• _Task goal_: Every line of the listing is returned unchanged, and every picture is dropped.

• _Records provided_:

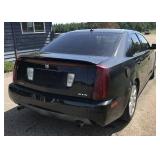 2006 Cadillac STS AWD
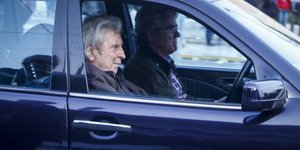 Ξεπέρασε το πρόβλημα υγείας που αντιμετώπιζε ο Μίκης Θεοδωράκης / Φωτογραφία: EUROKINISSI 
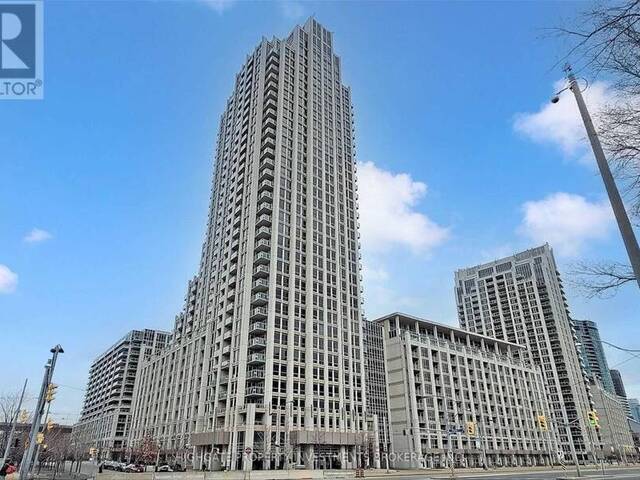 2506 - 628 FLEET STREET Toronto Ontario, M5V 1A8 - 3 Bedrooms Condo For Sale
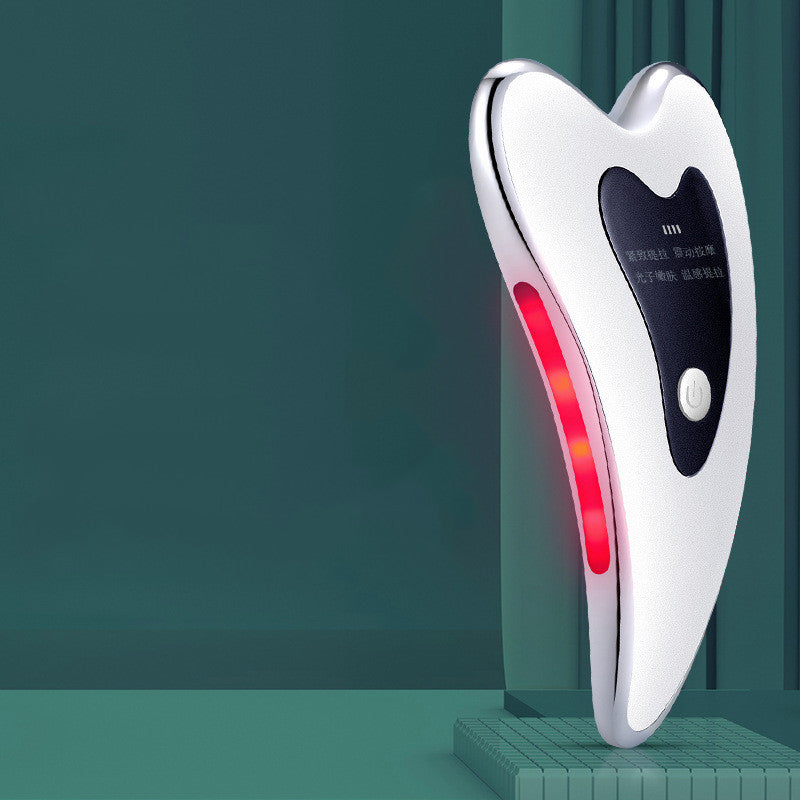 USB Rechargeable Facial Scraping Body Guasha Massager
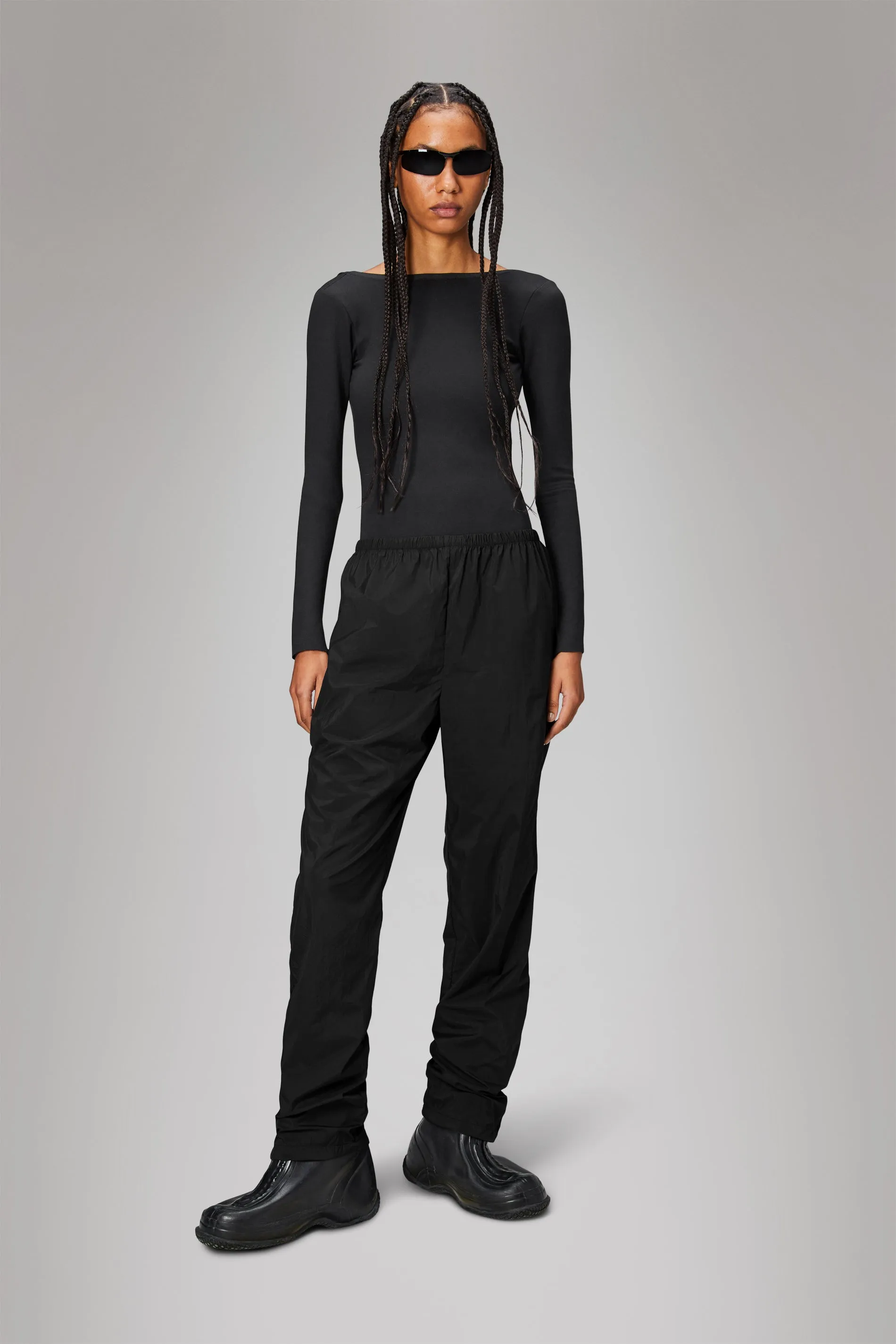 Regular Fit Naha Pants - Optimized for Comfort and Style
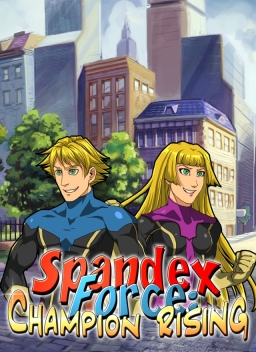 Spandex Force: Champion Rising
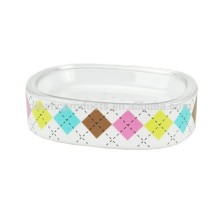 Geometry Soap Dish Grid Soap Dish We accept the Customized Soap Dish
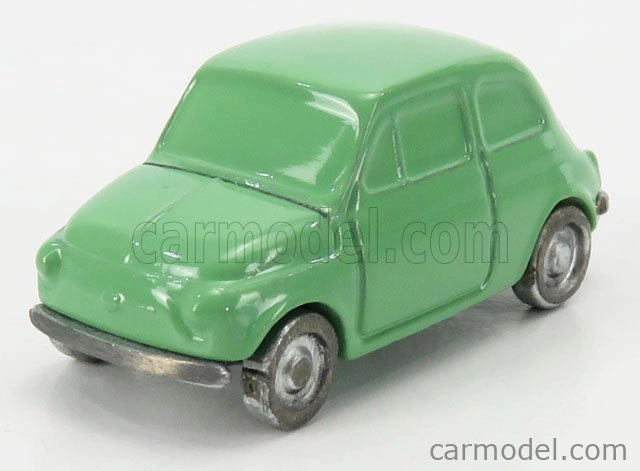 Officina-942 Fiat Nuova 500 1957 1:76 Zelená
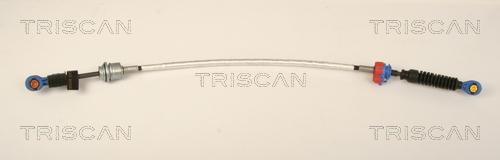 Triscan 8140 16705 — Naciąg linki, ręczna skrzynia biegów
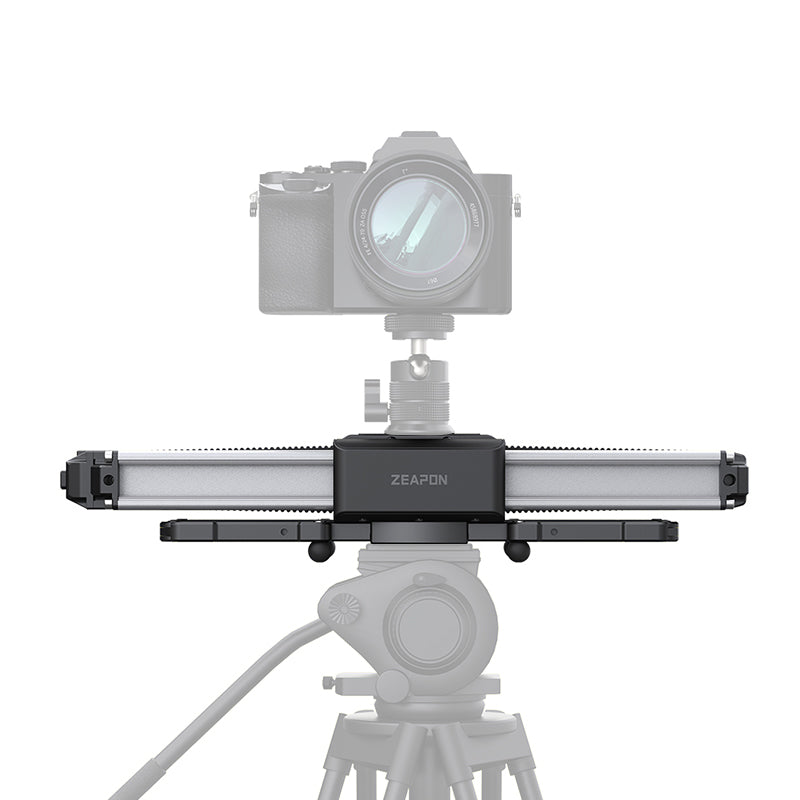 ZEAPON Micro 2 Plus Slider 54cm Distance 4.5Kg Payload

• _Exercise response_:
 2006 Cadillac STS AWD
 Ξεπέρασε το πρόβλημα υγείας που αντιμετώπιζε ο Μίκης Θεοδωράκης / Φωτογραφία: EUROKINISSI 
 2506 - 628 FLEET STREET Toronto Ontario, M5V 1A8 - 3 Bedrooms Condo For Sale
 USB Rechargeable Facial Scraping Body Guasha Massager
 Regular Fit Naha Pants - Optimized for Comfort and Style
 Spandex Force: Champion Rising
 Geometry Soap Dish Grid Soap Dish We accept the Customized Soap Dish
 Officina-942 Fiat Nuova 500 1957 1:76 Zelená
 Triscan 8140 16705 — Naciąg linki, ręczna skrzynia biegów
 ZEAPON Micro 2 Plus Slider 54cm Distance 4.5Kg Payload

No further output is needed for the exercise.